Foods For Exams
Here in the UK, the all-important end-of-year exams and, for some, end-of-school exams are about to begin in the next few weeks. What your teenager eats and drinks can influence their ability to concentrate and their mental performance on the day of the exams. Nutrition can make a difference and improve performance and brain function, but what would be the right foods and drinks? Let’s find out.
Top Foods For Exams:
- Dark chocolate and cocoa.
Cocoa has the highest flavonoid content by weight of any food which is why it’s top of my list. That, and the fact that it is an easy win. Trying to convince children to eat chocolate isn’t too hard. What I mean here though is cacao or cocoa used in healthier recipes such as homemade shakes and smoothies, or baked oats for example.
High flavonoid intake is linked to better mental performance in tests.
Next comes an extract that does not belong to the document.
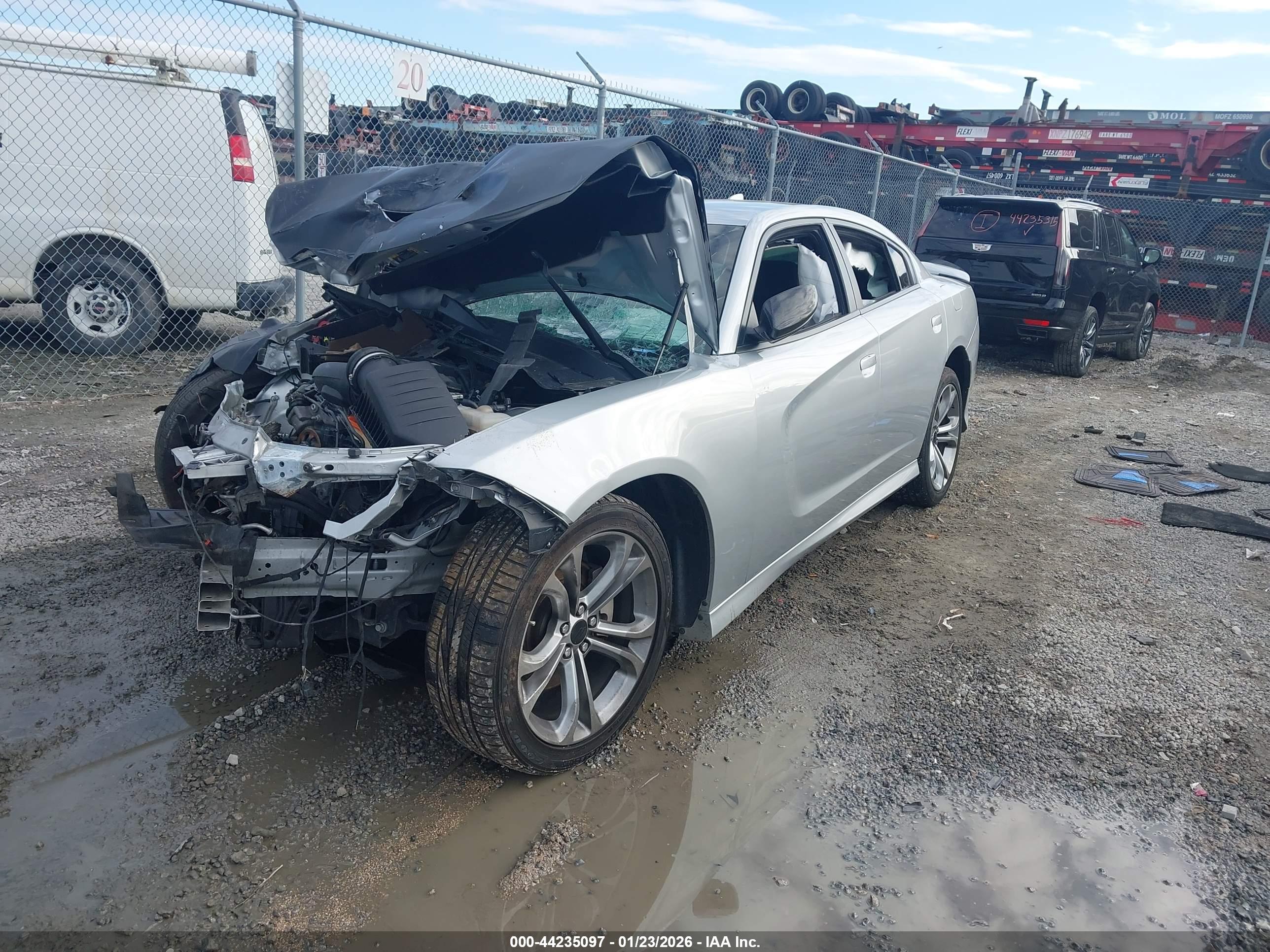 DODGE CHARGER image 2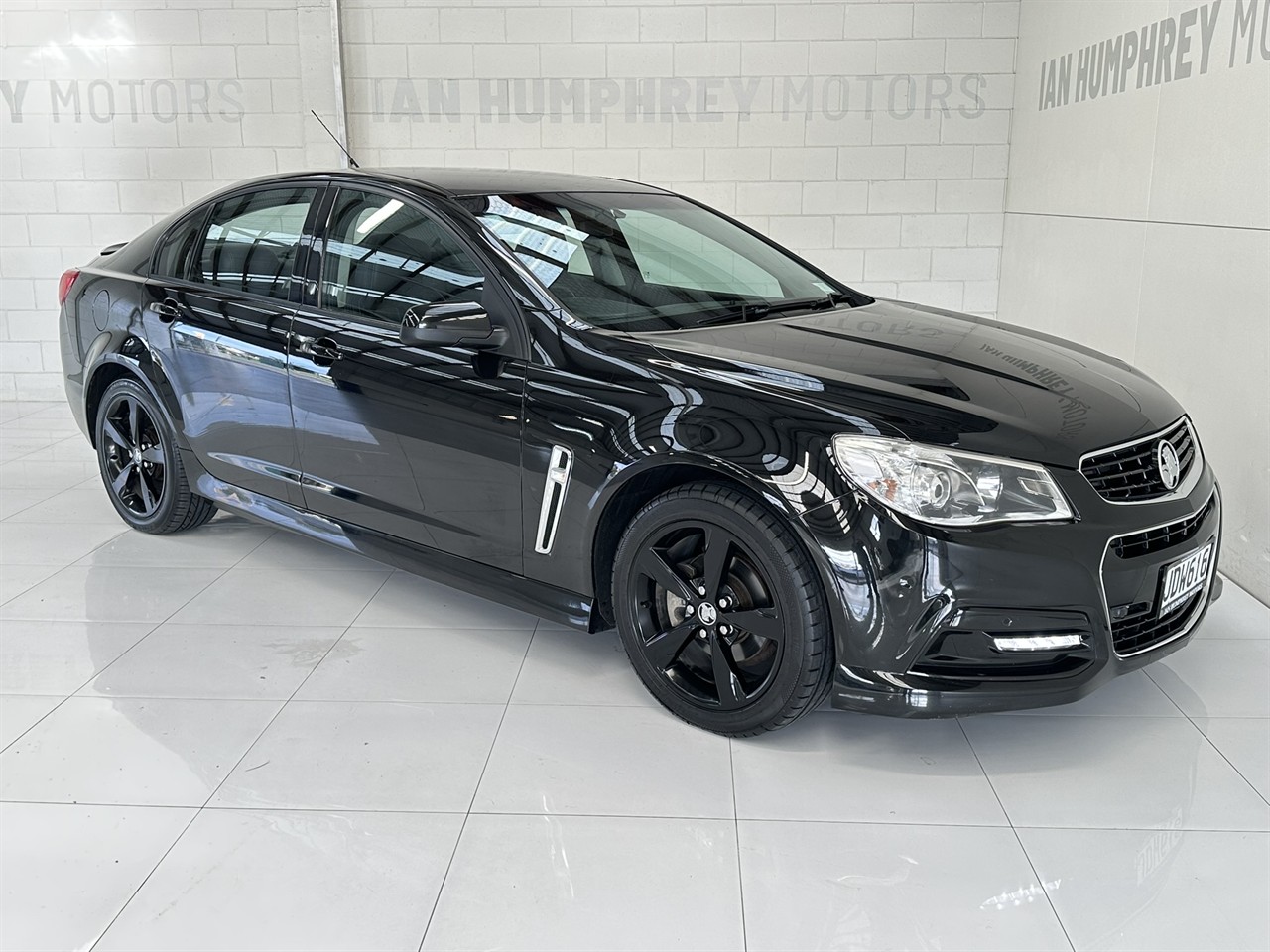 2015 Holden Commodore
It is possible that the mechanism for this is improved insulin sensitivity which can improve brain function. Insulin is a hormone that helps move sugar from your blood into your cells where it can be used for energy. Other studies have shown that cocoa specifically can help reduce mental fatigue and improve blood flow to the brain.
These nutrient powerhouses are packed with nutrients that are essential for brain health, including vitamin E and zinc. They’re also a source of healthy fats, protein, and fibre, so they can keep your teen fuelled throughout long study sessions but also long exams. Some studies suggest that nut intake is related to improved reaction times and performance in exams. A variety of nuts is best for the widest range of nutrients so think about trail mixes with some dried fruit, or a variety of nut butters. We have cashew, peanut, almond and hazelnut butter on offer at home and the hazelnut butter has some honey and cocoa powder mixed in to create a healthier version of the very well-known chocolate hazelnut spread.
Omega-3 rich fish, such as salmon, mackerel, sardines and anchovies, provide an excellent source of brain health promoting fats linked to improved memory and improved visual processing but also include nutrients known to help with energy and concentration such as B vitamins. Ideally, a variety of fish would be consumed rather than only those higher in the food chain, because they’re larger they tend to contain more mercury, and that can in fact cause a decline in performance. So try and include anchovies and sardines in their diet at this time. If that’s a stretch (it is for my two) then omega 3 capsules work as a supplement and if your child is vegetarian or vegan then try and algal oil supplement as an alternative.
Eggs contain a variety of nutrients necessary for brain function, including vitamin B-12, choline and selenium. Choline is needed for brain development and production of the neurotransmitter acetylcholine, which is necessary for memory storage and muscle function. Furthermore, vitamin B-12 plays an important role in neurological health, whilst selenium is involved in coordination, memory, cognition and motor performance. Eggs also contain lutein which is a carotenoid pigment that has been associated with improved visual and mental function.
Eggs are a versatile ingredient and can be enjoyed not only in scrambled, poached or omelette form they can also be stirred into rice with vegetables and soy sauce or used in your healthier home-bakes too.
- Brightly coloured, fruits and vegetables.
Red, orange and green vegetables contain a variety of beneficial plant compounds, including carotenoid pigments that benefit mental performance and cognitive health. Vegetables richest in lutein include kale, spinach, basil, peas, leeks, lettuce, carrots, broccoli, and peppers. Furthermore, brightly coloured fruits and vegetables bring a variety of plant-based nutrients known to improve concentration and memory. Try stir-fries and salads (including fruit salads) to enjoy a variety of different coloured fruits and vegetables.